残酷で痛すぎる“死のゲーム”…ホラー史を変えた『ソウ』の衝撃を振り返る
観客の90%が称賛した最新作は、殺人鬼の視点で語られる1作目から続く物語
これまでのシリーズではゲームを仕掛けられた人間が主人公のポジションを担い、ジグソウはシリーズを通してフィクサー的、象徴的な役割を果たしていた。正直なところ毎度毎度、新たなデス・ゲームが映画の中心となる構造に対しては、シリーズファンからもマンネリ化しているとの声があがっていた。グルタートはこれを打破すべく、思い切った手に出る。それは殺人鬼のジグソウことジョン・クレイマー(トビン・ベル)を主人公に据え、その人物像を真正面から描くということだ。
『ソウX』はストーリーの時系列でいうと、1作目から続く物語。本作でのジョンは末期の脳腫瘍に冒されており、少しでも長く生きる道を模索している。そんなある日、画期的な治療を行なっている医療者の存在を知り、彼はメキシコに飛ぶのだが、これは大金を騙し取る詐欺だった。一度は完治したと思わされるも再び絶望の淵に叩き落されたジョンは、この医療関係者たちを探しだし、廃墟に閉じ込めて、助手の女性アマンダ(ショウニー・スミス)と共に“ゲーム”を仕掛けていく。
ジョン目線で“ゲーム”が描かれることによって、「命のありがたみを忘れるな」という彼の哲学がより強調されているのがミソ。裏を返せば、本作はシリーズで初めて、ジグソウ=ジョンというキャラクターのドラマを描いたとも言えるだろう。過去作では助手として冷徹に仕事をこなしてきたアマンダだが、本作では“ゲーム”の残酷さに弱音を吐き、ジョンに異論を唱える一面も。このようなドラマがしっかり描かれているからこそ、彼らが仕掛ける“ゲーム”が単に残酷なだけではなく、シリーズ中もっともエモーショナルなものに思えてくるのだ。

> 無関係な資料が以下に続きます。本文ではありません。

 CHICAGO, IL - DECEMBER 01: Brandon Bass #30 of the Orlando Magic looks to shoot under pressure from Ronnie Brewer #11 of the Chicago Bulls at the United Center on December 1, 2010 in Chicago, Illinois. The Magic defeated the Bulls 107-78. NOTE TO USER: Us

眼球吸引、手足の切断…新たな“ゲーム”に隠された意味とは?
そして、やはり最大の見どころは、趣向を凝らした“ゲーム”。眼球の吸引、首の切断、放射線などの装置に括りつけられたゲームプレーヤーたちは生き残るために、なにかを犠牲にしなければならない。その覚悟が、彼らにはあるのか?

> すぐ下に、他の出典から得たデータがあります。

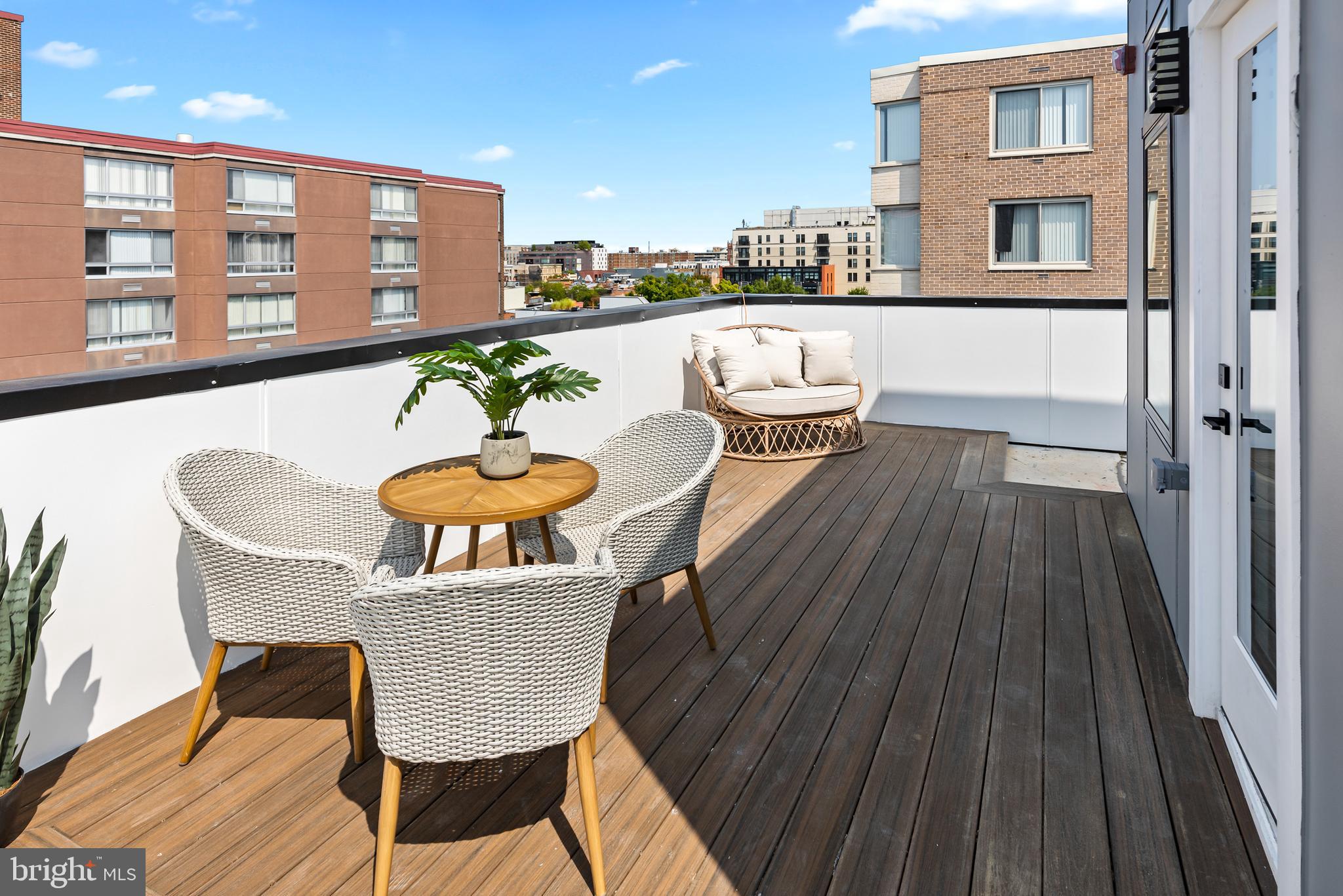1208 M Street Northwest, Unit 61 Washington, DC 20005 - Photo 27 of 39 a dining room with furniture and wooden floor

目を背けたくなるほどバイオレントな描写もシリーズの醍醐味だし、心理戦のおもしろさも1作目をしっかり踏襲している。ジョンの天才的なアイデアに唸りつつ、そのスリルを体感できるのがうれしい。そして後半にはアッとおどろく急展開もある。ネタバレは避けたいので観ておどろいてほしいが、これが新味の一つであることも訴えておきたい。
シリーズファンでなくても楽しめることは、数字にも表れている。映画批評を集積・集計するサイト「ロッテン・トマト」では全米公開時、シリーズ最高の観客評価90%を叩きだしており、新たなファン層の獲得にも成功している。もはやマンネリとは言わせない。これまで以上に恐ろしく、なおかつエキサイティングな『ソウ』の新章を見逃すな!